'Grim' outlook for building industry as orders fall
Friday 03 September 2010
Britain's building industry was facing a bleak future today after construction orders suffered a dramatic 14% fall between April and June.
The slide was led by public and private housing orders - down 23% and 24% respectively - and is the biggest slump outside of a recession over a single quarter since 1987.
The Office for National Statistics (ONS) figures come despite construction output soaring 8.5% during the second quarter - the sector's best performance since 1982.
The sudden fall sparked grim warnings from the industry over the rocky road ahead as Chancellor George Osborne's savage spending review looms next month.
Construction Products Association economics director Noble Francis said: "Today's figures clearly highlight that the increase in construction output during the second quarter does not represent a sustained recovery."
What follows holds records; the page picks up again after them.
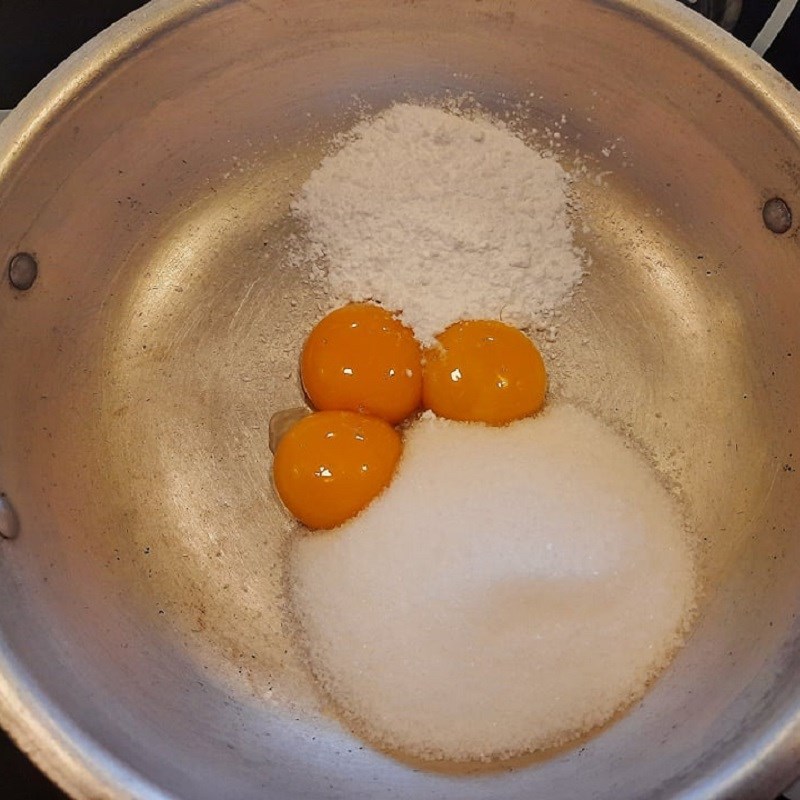Bước 2 Làm hỗn hợp kem Kem dưa lưới với trứng gà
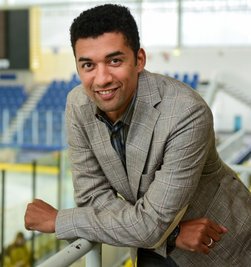 Robin Szolkowy in seiner vertrauten Wirkungsstätte - der Eishalle am Chemnitzer Küchwald.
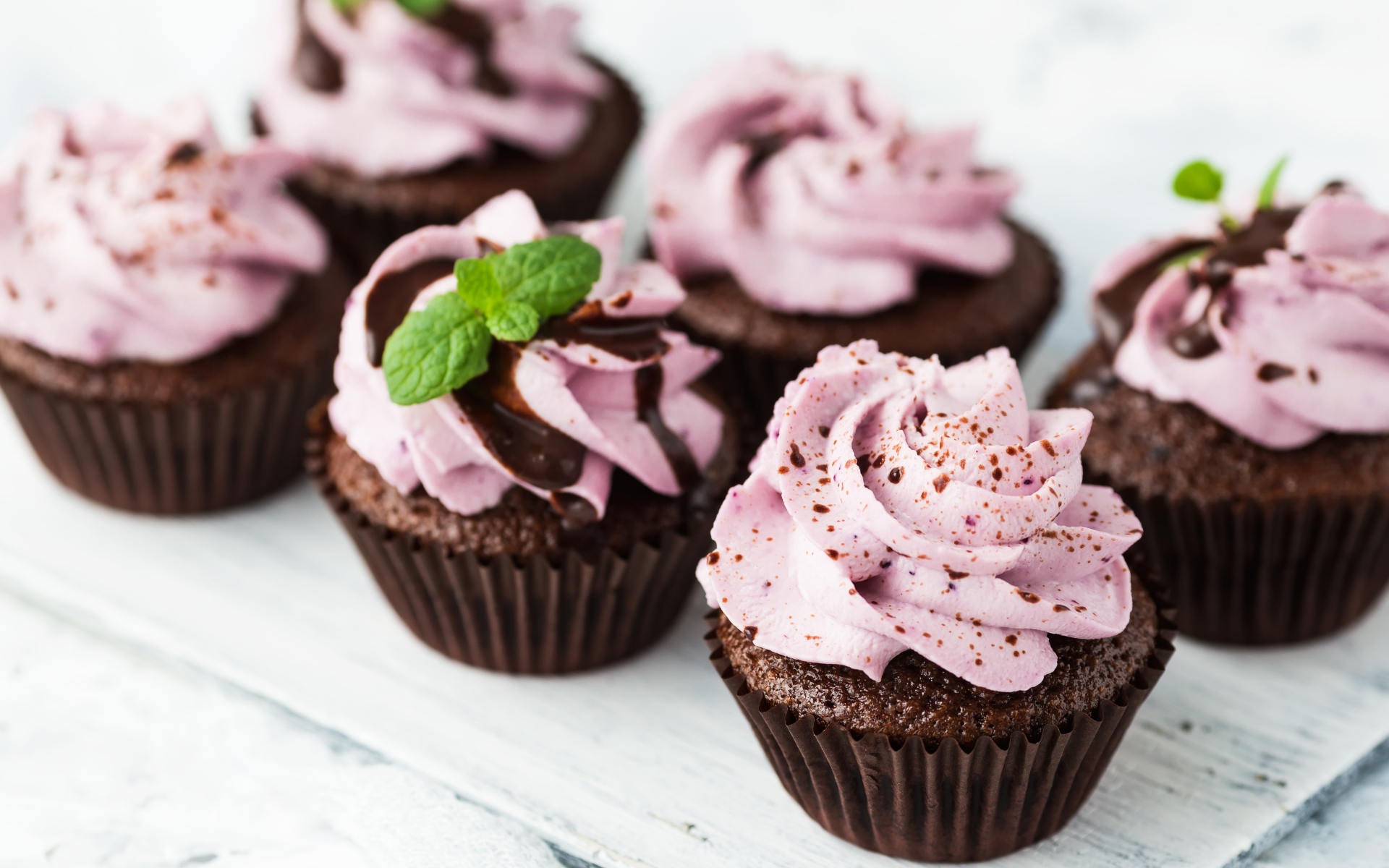 Вкусные шоколадные кексы с фруктовым кремом 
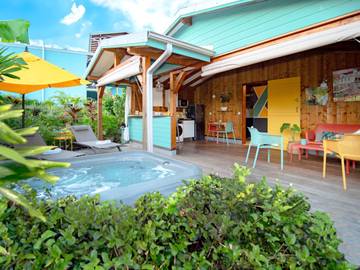 Lodge pour 3 personnes, avec jardin ainsi que terrasse et jacuzzi en Martinique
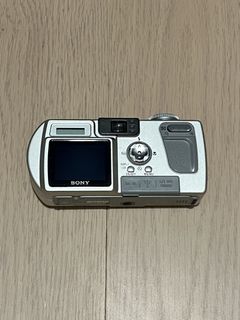 （分類：）位於 。 由 hyainmcoi 提交（商品編號 1460908066，圖片 1）。簡介： 。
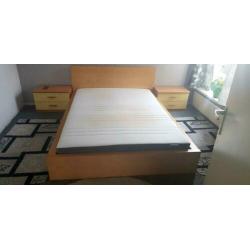 Tweepersoonsbed 200×140 incl matras en nachtkastjes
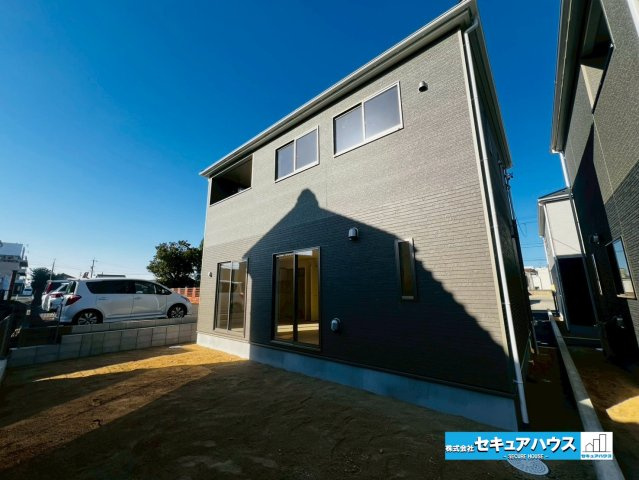 【今からご案内可能】刈谷市小垣江町本郷下　全9棟の庭|【庭】
◆広々としたお庭付きの物件です♪芝生を敷いたり、ウッドデッキを設置することもできます。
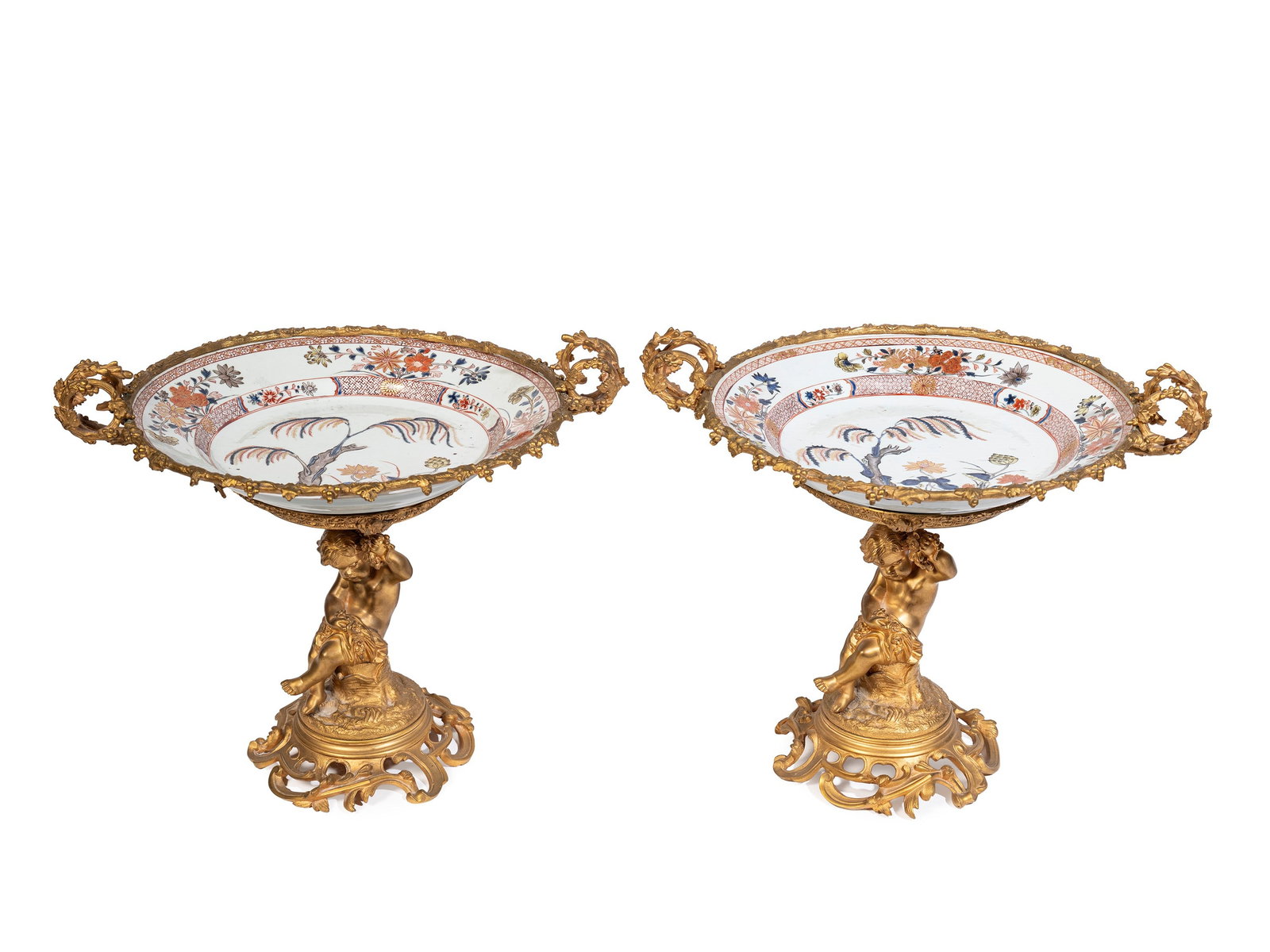 A PAIR OF PORCELAIN PLATES MOUNTED IN ORMOLU, China, early 18th century (1 of 7)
Alasdair Reisner, industry affairs director at the Civil Engineering Contractors Association, added: "This is a reality check for the industry. It's pretty grim out there."
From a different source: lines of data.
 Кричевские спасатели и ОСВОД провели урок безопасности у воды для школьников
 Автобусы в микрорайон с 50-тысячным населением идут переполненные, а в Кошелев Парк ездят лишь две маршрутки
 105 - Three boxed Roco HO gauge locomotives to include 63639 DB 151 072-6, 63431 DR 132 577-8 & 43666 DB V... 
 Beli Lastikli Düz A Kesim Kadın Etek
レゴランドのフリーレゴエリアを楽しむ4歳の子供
Although the ONS stresses that the figures can be volatile, construction orders have held firm above £13 billion for the previous three quarters before the sudden plunge to £11.6 billion.
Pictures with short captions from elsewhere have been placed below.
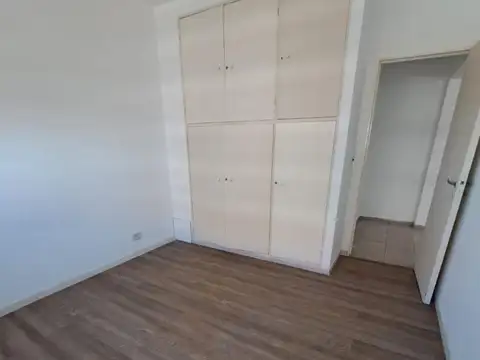 Depto. 2 ambientes en Torre I  del complejo de Av. Mitre al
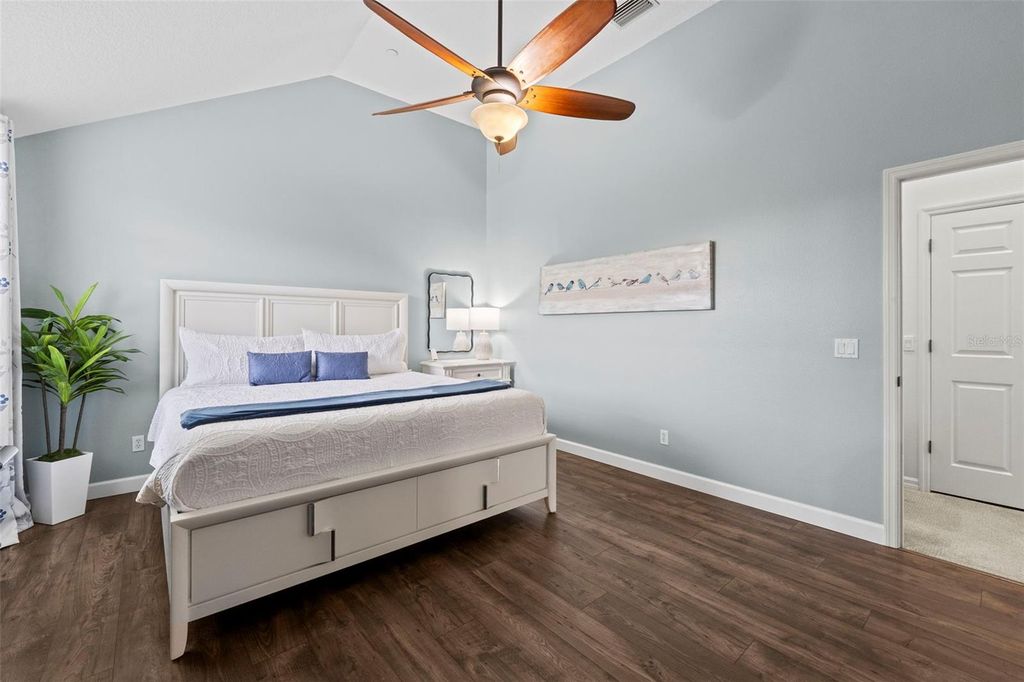 Image 26 of property listing at 333 NAUTICA MILE DRIVE, Clermont, FL 34711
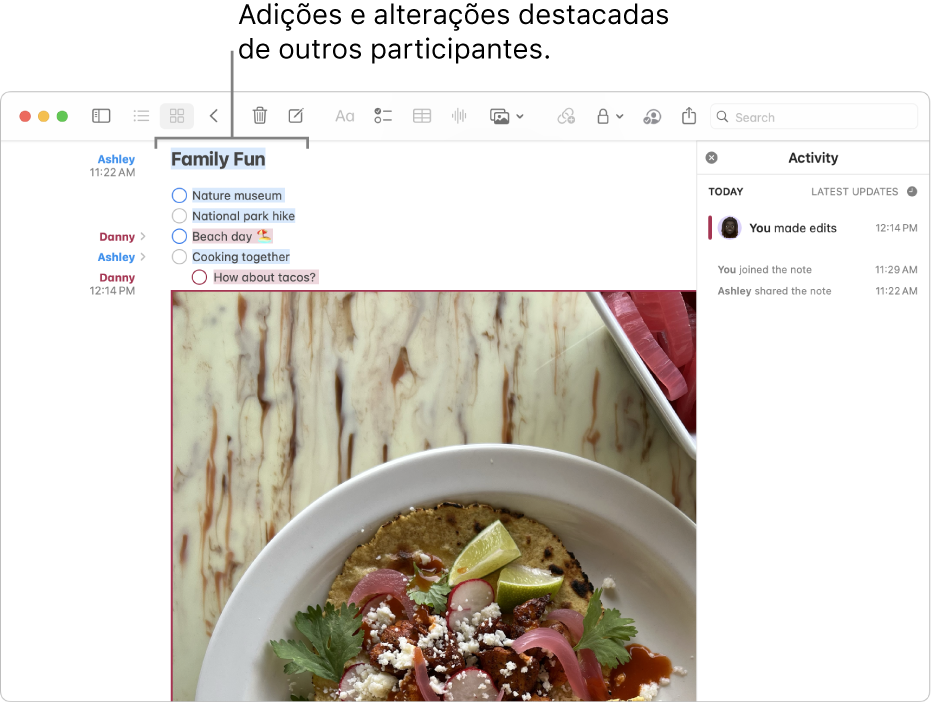 Uma nota com uma checklist mostrando uma lista de atividades para a família. As alterações de outro participante estão destacadas.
A host of building projects have been put on hold or scrapped since the election - including schemes under the Government's Building Schools for the Future project - with more likely to feel the axe next month.
The spending uncertainty has hit companies such as social housing and maintenance firm Connaught.
The ONS figures showed orders falling across all sectors except private sector industrial projects.
Public sector infrastructure orders - such as roadbuilding - were down 22%, the biggest fall since 2004.
The gloom comes after the Chartered Institute of Purchasing and Supply's latest activity survey for August showed construction growth slowing for a third successive month, with housebuilding much weaker than commercial construction and civil engineering.